# Draper WTL12 - Help needed!



## nigel13 (5 Aug 2010)

Hi,

I've been given a Draper WTL12 Wood Lathe in bits. I've no instruction manual and I'm not sure how it all fits together. Most of of it is obvious, but some of the bits in the box are a bit mysterious. I'm not sure if the lathe is complete and/or if all the bits I've got ARE parts of the lathe. So if anyone out there has this lathe and could provide some advice / photos / instruction manual (well I can hope!) that would be fantastic. I'm going to take some photos of the mysterious bits so as to try and identify them.

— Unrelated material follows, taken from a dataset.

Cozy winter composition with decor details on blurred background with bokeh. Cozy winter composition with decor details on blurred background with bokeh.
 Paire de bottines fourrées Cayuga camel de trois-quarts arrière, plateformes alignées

ANY help will be most welcome.

Nigel


----------



## Gitface (5 Aug 2010)

Hi 

If memory sevres me right then it's the same as the Clarke CWL12D. 

Here is a link to the manual. 

Mark...........


----------



## nigel13 (5 Aug 2010)

Tha looks like what is in my box! Thanks.

I should mention that I also contacted Draper themselves and they have offered to send me a copy of the manual by post. Now that is what I call customer service!


----------



## Lightweeder (5 Aug 2010)

Hello Nigel

Draper get a bad press usually, but I have a soft spot for them


----------



## Lightweeder (5 Aug 2010)

By the way Nigel - welcome


----------



## petercharlesfagg (5 Aug 2010)

Glad to hear that you are on your way with the lathe. I too had one as my very first proper lathe albeit with only one bed bar but it served me well and taught me a lot for nearly 3 years.

Welcome to the forum.

Regards, Peter.


----------



## Bodrighy (5 Aug 2010)

Welcome Nigel. Do you really want to get it all set up? Turning is addictive, expensive if you become a toolaholic, painful at times and time consuming. In other words great fun :lol: 

Pete


----------



## nigel13 (5 Aug 2010)

Thanks for the welcome!

I'm going to study the manual and get the lathe set up. I'll get back on here when I get to bits I don't recognize.


----------